Rachel Aldighieri, managing director of DMA, said: ‘It is encouraging to see that GDPR hasn’t had a negative impact on consumer perceptions of email marketing. Evidently, it remains a key way to engage customers when it is used to promote the right opportunities at the right times.’ 

So, the conclusion here is… email away!


Digital advertisers are wasting a shocking £40 million on ad fraud every day. That’s almost £14.5 billion per year, representing nearly 10% of total digital advertising spend worldwide. 

The estimate from Juniper Research illustrates the sheer magnitude of the problem of fraudulent adverts. Google blocks billions of ‘bad ads’ every year, but even this is just a relatively minor arrow into the monster of continual fraud. 

Ad fraud refers to activities that aim to get commission for adverts that are never really seen by consumers.
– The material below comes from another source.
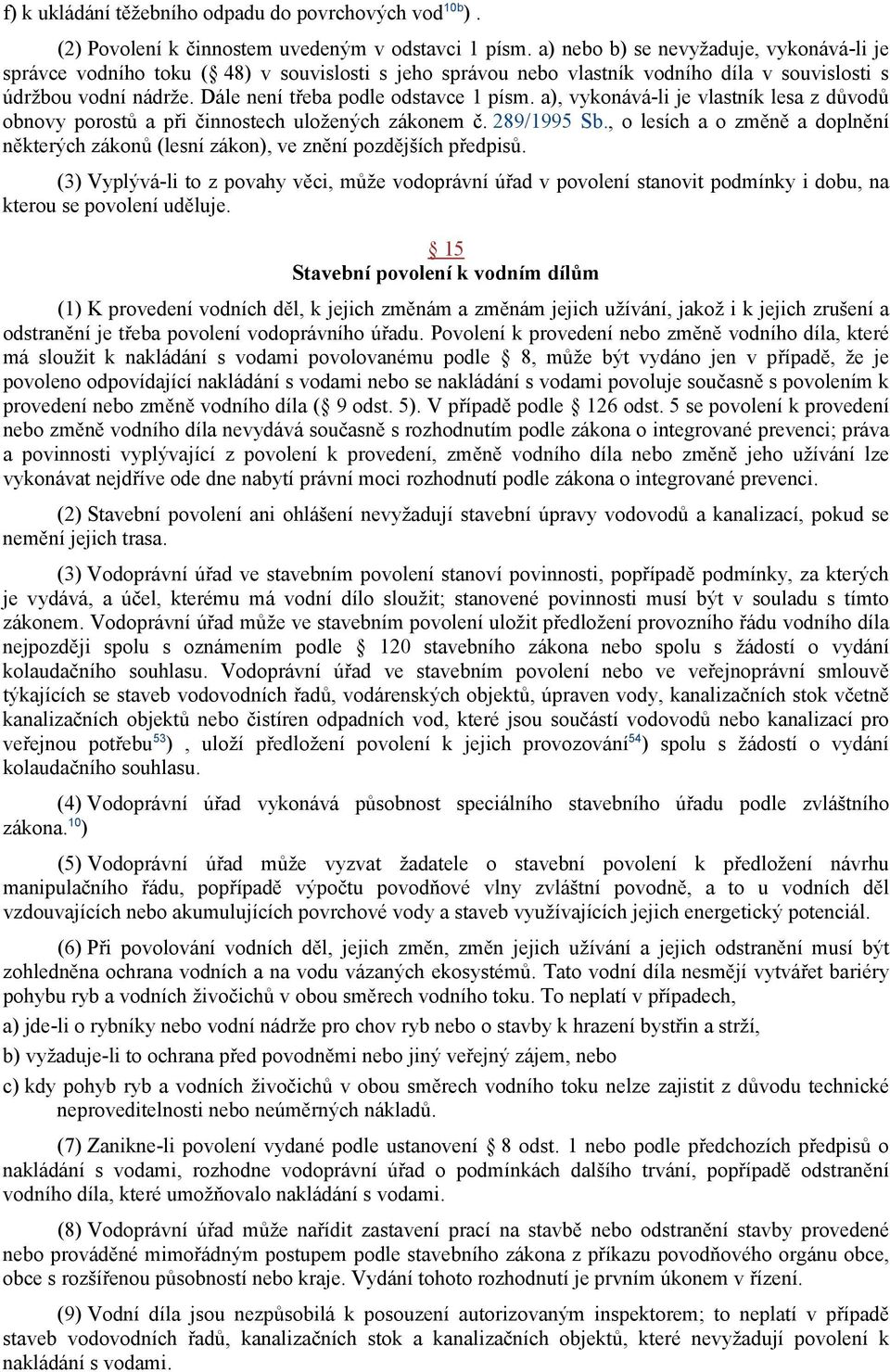 a), vykonává-li je vlastník lesa z důvodů obnovy porostů a při činnostech uložených zákonem č. 289/1995 Sb., o lesích a o změně a doplnění některých zákonů (lesní zákon), ve znění pozdějších předpisů.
They are becoming ever harder to detect, tricking advertisers into giving up millions for nothing. 

With advanced sneaky techniques such as ad injection, pixel stuffing, domain laundering, ad stacking and botnets, how can advertisers protect themselves from ad fraud and increase the effectiveness of their digital campaigns

Here is a list of quick tips: 

  • Invest in a digital anti-fraud tool
  • Watch campaigns for suspicious traffic and look out for unusual changes
  • Use an ad verification vendor
  • Block countries with the highest ad fraud rate
  • Use both domain whitelists and blacklists
  • Consider private marketplaces
  • Know whom you’re directly buying media from 

Our final piece of advice is that fraudsters are getting more inventive every year; keep a keen eye on your campaigns and your ear close to the ground for any developments.